Travel and camp on durable surfaces

The second tenet of the seven principles of Leave No Trace is: travel and camp on durable surfaces. While on the Pacific Crest Trail, it may seem obvious that traveling on a durable surface means staying on the trail and for the most part that would be true. But, regardless of how much time someone may spend on the trail they are often confronted with situations where they need to leave the two-foot-wide trail tread.

We’ve all seen makeshift trails around a blown-down tree or sections of trail that have become braided through a meadow. Whenever possible it is best to stay on the trails that seem to be getting the most use. The PCTA and our agency partners strive to repair braided sections of trail and ensure that downed trees are removed in a timely manner. But the nature of a 2,650-mile-long trail is that there are sometime situations that may persist until repairs can be made. In the case of a braided trail, please walk in single file while staying on the most used path rather than contributing to further damage by walking through the meadow. And in the case of blow-down detours, there is often an obvious path made by others around the obstruction that everyone should stick to.

A braided section of the John Muir and Pacific Crest Trail in Yosemite National Park. Please stay on trail, even if that means your feet get wet. Photo by Carl Alviani on Flickr.

A braided section of the John Muir and Pacific Crest Trail in Yosemite National Park. Please stay on trail, even if that means your feet get wet. Photo by Carl Alviani on Flickr.

Perhaps even more common are the situations when PCT users need to leave the trail to find a camp or a private place to relieve yourself [see poop story #1, #2, #3].  Be mindful of where you step.

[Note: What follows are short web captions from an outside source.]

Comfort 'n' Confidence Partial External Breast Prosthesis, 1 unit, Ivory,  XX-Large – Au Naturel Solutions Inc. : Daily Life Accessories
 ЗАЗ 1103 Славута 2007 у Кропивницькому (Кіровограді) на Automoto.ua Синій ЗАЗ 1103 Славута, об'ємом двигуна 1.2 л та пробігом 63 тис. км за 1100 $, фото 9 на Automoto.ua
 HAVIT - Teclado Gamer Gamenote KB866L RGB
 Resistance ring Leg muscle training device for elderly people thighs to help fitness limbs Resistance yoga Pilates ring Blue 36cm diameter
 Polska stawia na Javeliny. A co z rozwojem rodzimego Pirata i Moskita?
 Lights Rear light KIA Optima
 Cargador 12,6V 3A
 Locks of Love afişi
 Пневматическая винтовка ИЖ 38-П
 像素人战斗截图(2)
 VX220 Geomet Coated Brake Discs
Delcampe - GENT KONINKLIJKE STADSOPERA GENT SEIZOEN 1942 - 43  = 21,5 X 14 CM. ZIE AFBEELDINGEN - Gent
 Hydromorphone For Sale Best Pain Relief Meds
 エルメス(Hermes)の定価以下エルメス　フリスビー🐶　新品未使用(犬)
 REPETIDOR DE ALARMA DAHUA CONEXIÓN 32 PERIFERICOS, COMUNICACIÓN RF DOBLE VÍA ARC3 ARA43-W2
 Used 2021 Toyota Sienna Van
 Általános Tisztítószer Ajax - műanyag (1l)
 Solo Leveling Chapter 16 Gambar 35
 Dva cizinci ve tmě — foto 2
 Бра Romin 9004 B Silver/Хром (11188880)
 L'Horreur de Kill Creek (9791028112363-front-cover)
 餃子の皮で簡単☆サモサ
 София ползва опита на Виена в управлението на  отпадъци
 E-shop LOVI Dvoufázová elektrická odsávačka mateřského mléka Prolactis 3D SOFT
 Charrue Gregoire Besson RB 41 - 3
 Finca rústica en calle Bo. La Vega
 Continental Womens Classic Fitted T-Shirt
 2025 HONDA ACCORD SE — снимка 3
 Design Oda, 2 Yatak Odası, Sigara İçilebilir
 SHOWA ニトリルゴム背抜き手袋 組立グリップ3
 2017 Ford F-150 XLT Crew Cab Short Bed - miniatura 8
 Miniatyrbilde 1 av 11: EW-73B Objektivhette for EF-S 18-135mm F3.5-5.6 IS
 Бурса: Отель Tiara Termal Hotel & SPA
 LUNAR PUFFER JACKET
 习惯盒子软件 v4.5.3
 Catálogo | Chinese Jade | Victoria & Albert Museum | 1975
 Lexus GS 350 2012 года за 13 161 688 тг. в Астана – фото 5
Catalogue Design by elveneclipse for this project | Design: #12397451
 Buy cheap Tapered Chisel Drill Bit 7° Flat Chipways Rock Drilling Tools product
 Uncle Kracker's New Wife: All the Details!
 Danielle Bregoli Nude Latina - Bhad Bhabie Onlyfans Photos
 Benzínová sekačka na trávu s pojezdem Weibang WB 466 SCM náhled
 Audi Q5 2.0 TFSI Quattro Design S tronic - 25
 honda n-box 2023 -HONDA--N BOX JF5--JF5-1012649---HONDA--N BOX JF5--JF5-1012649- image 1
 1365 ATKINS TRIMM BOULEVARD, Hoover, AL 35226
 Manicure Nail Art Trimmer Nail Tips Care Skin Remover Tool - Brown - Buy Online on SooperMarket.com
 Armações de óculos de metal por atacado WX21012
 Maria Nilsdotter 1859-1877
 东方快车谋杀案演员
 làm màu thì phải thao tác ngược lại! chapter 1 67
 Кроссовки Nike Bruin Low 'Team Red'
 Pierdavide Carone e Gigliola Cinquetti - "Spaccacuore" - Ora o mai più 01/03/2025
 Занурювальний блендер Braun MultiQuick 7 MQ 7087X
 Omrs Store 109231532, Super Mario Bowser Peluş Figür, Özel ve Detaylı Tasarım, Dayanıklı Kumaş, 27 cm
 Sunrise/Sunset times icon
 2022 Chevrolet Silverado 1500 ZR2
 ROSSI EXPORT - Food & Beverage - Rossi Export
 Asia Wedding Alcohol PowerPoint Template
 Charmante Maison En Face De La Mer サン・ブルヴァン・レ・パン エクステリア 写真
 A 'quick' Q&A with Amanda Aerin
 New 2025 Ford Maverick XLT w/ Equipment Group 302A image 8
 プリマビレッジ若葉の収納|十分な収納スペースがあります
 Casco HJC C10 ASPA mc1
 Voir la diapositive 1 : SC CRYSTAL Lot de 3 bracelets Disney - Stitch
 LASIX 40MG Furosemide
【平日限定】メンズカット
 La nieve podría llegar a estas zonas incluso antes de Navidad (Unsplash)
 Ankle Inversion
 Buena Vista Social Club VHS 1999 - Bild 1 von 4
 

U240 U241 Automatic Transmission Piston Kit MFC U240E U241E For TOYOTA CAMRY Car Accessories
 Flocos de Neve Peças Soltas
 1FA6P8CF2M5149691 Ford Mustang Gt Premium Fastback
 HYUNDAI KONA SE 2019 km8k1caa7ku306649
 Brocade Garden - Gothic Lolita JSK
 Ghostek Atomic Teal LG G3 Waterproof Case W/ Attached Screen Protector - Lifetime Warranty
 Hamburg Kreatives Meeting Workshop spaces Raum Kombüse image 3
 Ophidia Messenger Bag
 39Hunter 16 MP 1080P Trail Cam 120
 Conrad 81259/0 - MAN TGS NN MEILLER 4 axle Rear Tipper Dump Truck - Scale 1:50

Rather than walk through a sensitive meadow filled with flowers, wait until you have an opportunity to leave the trail on rock, gravel, or other dry soils. The same can be said for choosing a campsite. Good campsites are found, not made. Whenever possible, use existing campsites. Durable surfaces for campsites include rock, gravel, and dry grasses.  It is also important to protect riparian areas by camping at least 200 feet from lakes and streams. And when traveling to and from the water source, stay on existing trails or choose your path carefully to take advantage of walking on rocks, gravel, and other dry areas.

Traveling and camping on durable surfaces is important to protect the landscape that the PCT passes through so that those who come after you find it in the same condition. Doing your best to limit your visible impact on the land indirectly encourages others to do the same.